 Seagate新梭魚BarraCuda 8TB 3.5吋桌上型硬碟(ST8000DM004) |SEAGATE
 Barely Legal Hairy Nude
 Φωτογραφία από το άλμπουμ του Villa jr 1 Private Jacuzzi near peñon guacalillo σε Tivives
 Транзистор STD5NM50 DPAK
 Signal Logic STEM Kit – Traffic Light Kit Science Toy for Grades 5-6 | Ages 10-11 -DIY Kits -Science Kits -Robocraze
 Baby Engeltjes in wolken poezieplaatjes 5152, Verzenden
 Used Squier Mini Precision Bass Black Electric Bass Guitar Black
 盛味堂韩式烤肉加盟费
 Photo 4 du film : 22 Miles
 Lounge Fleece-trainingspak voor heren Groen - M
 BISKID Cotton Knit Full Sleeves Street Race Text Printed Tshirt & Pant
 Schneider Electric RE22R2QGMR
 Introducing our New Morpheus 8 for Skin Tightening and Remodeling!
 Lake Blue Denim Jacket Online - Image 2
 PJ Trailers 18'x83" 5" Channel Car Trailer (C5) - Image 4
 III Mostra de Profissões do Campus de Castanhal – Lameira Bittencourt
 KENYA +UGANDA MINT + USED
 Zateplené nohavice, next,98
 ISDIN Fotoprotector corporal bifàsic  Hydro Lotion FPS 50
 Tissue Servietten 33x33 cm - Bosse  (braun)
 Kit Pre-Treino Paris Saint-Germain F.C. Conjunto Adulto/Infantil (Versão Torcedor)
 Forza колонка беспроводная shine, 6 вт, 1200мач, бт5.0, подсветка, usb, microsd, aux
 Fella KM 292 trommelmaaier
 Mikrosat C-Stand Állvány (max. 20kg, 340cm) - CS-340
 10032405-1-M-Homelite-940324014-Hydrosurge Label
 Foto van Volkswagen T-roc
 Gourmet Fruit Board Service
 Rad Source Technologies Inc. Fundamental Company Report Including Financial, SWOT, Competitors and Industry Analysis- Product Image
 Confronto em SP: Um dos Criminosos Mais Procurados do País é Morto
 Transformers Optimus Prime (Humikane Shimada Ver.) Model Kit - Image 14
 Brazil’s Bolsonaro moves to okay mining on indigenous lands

+++++

Task statement:
Nothing in the material should be left out; output it exactly.

Solved exercise:
 Seagate新梭魚BarraCuda 8TB 3.5吋桌上型硬碟(ST8000DM004) |SEAGATE
 Barely Legal Hairy Nude
 Φωτογραφία από το άλμπουμ του Villa jr 1 Private Jacuzzi near peñon guacalillo σε Tivives
 Транзистор STD5NM50 DPAK
 Signal Logic STEM Kit – Traffic Light Kit Science Toy for Grades 5-6 | Ages 10-11 -DIY Kits -Science Kits -Robocraze
 Baby Engeltjes in wolken poezieplaatjes 5152, Verzenden
 Used Squier Mini Precision Bass Black Electric Bass Guitar Black
 盛味堂韩式烤肉加盟费
 Photo 4 du film : 22 Miles
 Lounge Fleece-trainingspak voor heren Groen - M
 BISKID Cotton Knit Full Sleeves Street Race Text Printed Tshirt & Pant
 Schneider Electric RE22R2QGMR
 Introducing our New Morpheus 8 for Skin Tightening and Remodeling!
 Lake Blue Denim Jacket Online - Image 2
 PJ Trailers 18'x83" 5" Channel Car Trailer (C5) - Image 4
 III Mostra de Profissões do Campus de Castanhal – Lameira Bittencourt
 KENYA +UGANDA MINT + USED
 Zateplené nohavice, next,98
 ISDIN Fotoprotector corporal bifàsic  Hydro Lotion FPS 50
 Tissue Servietten 33x33 cm - Bosse  (braun)
 Kit Pre-Treino Paris Saint-Germain F.C. Conjunto Adulto/Infantil (Versão Torcedor)
 Forza колонка беспроводная shine, 6 вт, 1200мач, бт5.0, подсветка, usb, microsd, aux
 Fella KM 292 trommelmaaier
 Mikrosat C-Stand Állvány (max. 20kg, 340cm) - CS-340
 10032405-1-M-Homelite-940324014-Hydrosurge Label
 Foto van Volkswagen T-roc
 Gourmet Fruit Board Service
 Rad Source Technologies Inc. Fundamental Company Report Including Financial, SWOT, Competitors and Industry Analysis- Product Image
 Confronto em SP: Um dos Criminosos Mais Procurados do País é Morto
 Transformers Optimus Prime (Humikane Shimada Ver.) Model Kit - Image 14
 Brazil’s Bolsonaro moves to okay mining on indigenous lands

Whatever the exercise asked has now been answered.